Thousands of people, some holding spears and dressed in traditional warrior clothes, on Saturday attended the funeral of South Africa's divisive Zulu leader Mangosuthu Buthelezi, who was implicated in a wave of deadly violence that marked the country's emergence from apartheid.
Mourners crowded a small stadium in Ulundi, the ancient capital of the Zulu kingdom in eastern South Africa, to pay tribute to the founder of the Inkatha Freedom Party (IFP), who died on September 9 aged 95.
Family members dressed in black, followed by men holding shields and spears, led a coffin covered by an animal skin and an IFP flag across a red carpet inside the stadium before it was placed under a black canopy on the pitch.
Earlier, members of the IFP Women's Brigade chanted "He has led us this far" in Zulu as guests including President Cyril Ramaphosa and his predecessor Jacob Zuma arrived at the venue, sitting under white marquees opposite an altar.
"He treated all of us Zulus as one person. That is why I am here," said Bonga Makhoba, 31, who said he drove 150 kilometres and slept in his car to attend the ceremony.
"I just respect him and I want him to... rest in peace."
Ramaphosa, who ordered flags to be flown at half staff across the country, was to deliver a eulogy during the service celebrated by the head of South Africa's Anglican Church.
"Buthelezi has been an outstanding leader in the political and cultural life of our nation, including the ebbs and flows of our liberation struggle," Ramaphosa had said when announcing Buthelezi's death last Saturday.

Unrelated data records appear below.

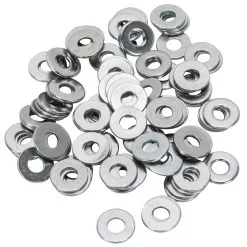 Colony #12-F-100 Chrome Plated Flatwashers #12 - Bag Of 100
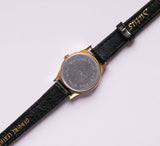 Pequeño lindo Mickey Mouse Antiguo Disney reloj Estuche de tono dorado de 23 mm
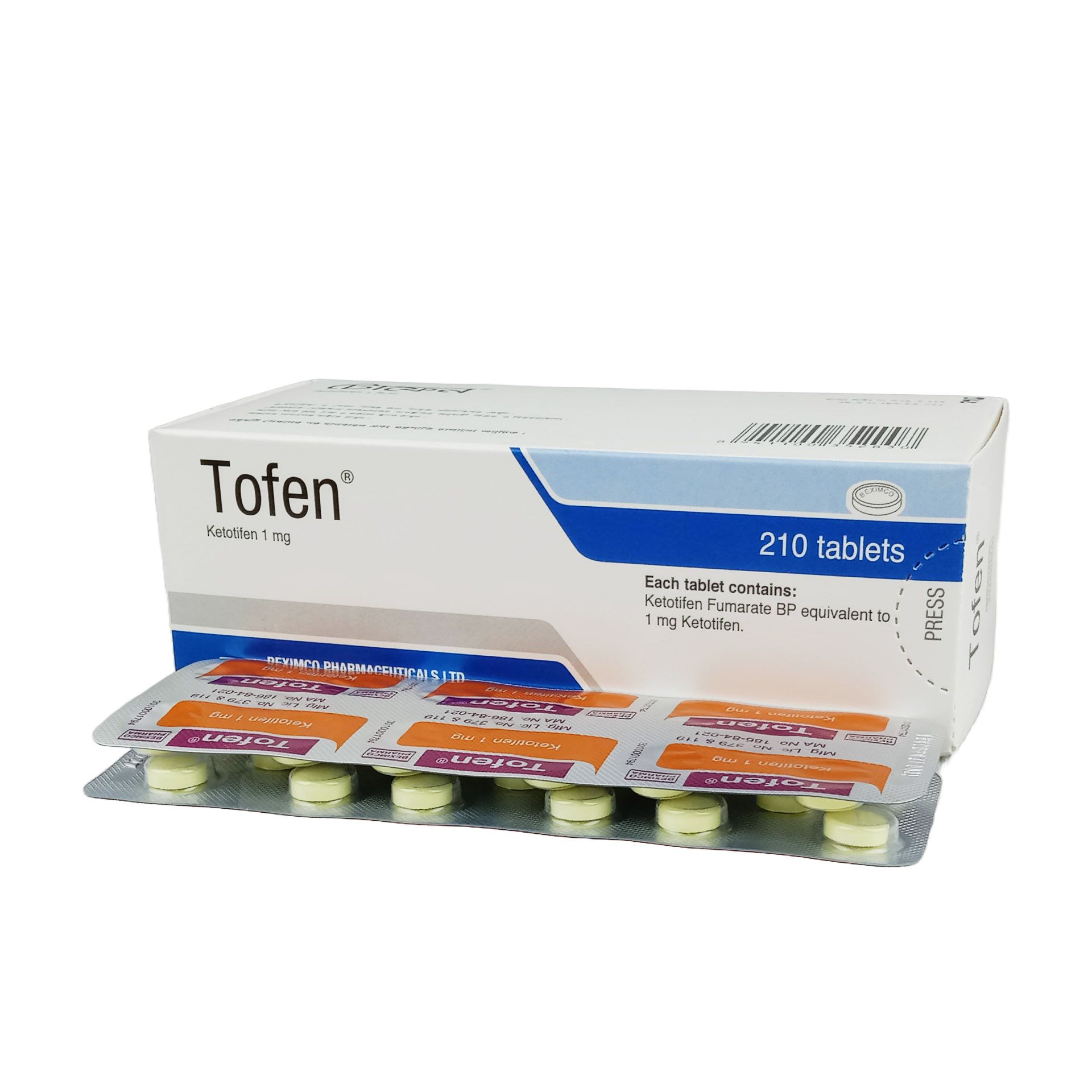 Tofen 1mg Tablet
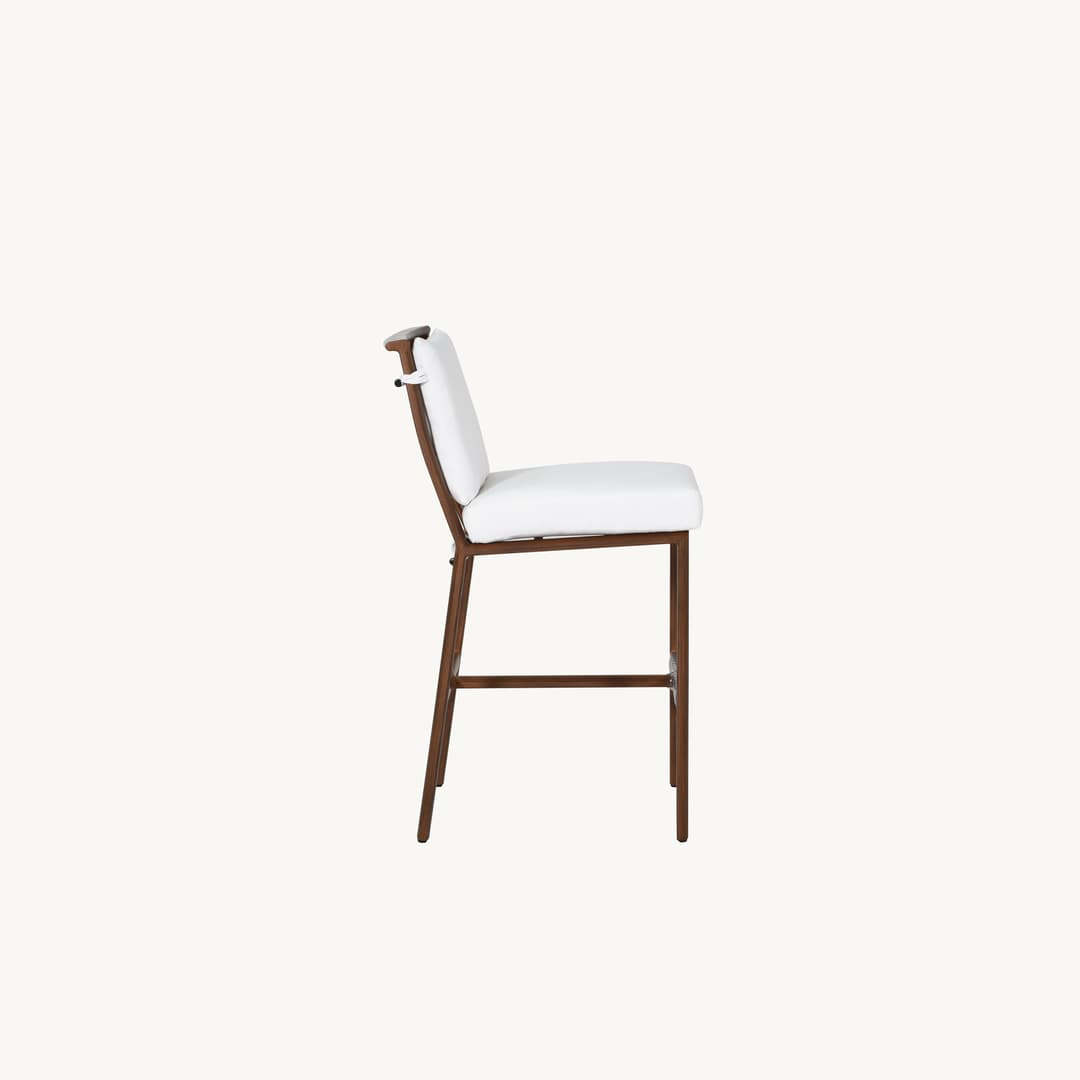 Berkeley Cushioned Armless Bar Stool Castelle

Buthelezi was once a rival of Ramaphosa and his former boss Nelson Mandela, as the pair led negotiations to end white rule in South Africa, and for years was locked in a bitter rivalry with the ruling African National Congress (ANC).
The party was his political home until he broke away to form the Inkatha movement in 1975.
Born of royal blood, he was to some the embodiment of a proud and feisty Zulu spirit, while to others he often acted as a warlord. (AFP)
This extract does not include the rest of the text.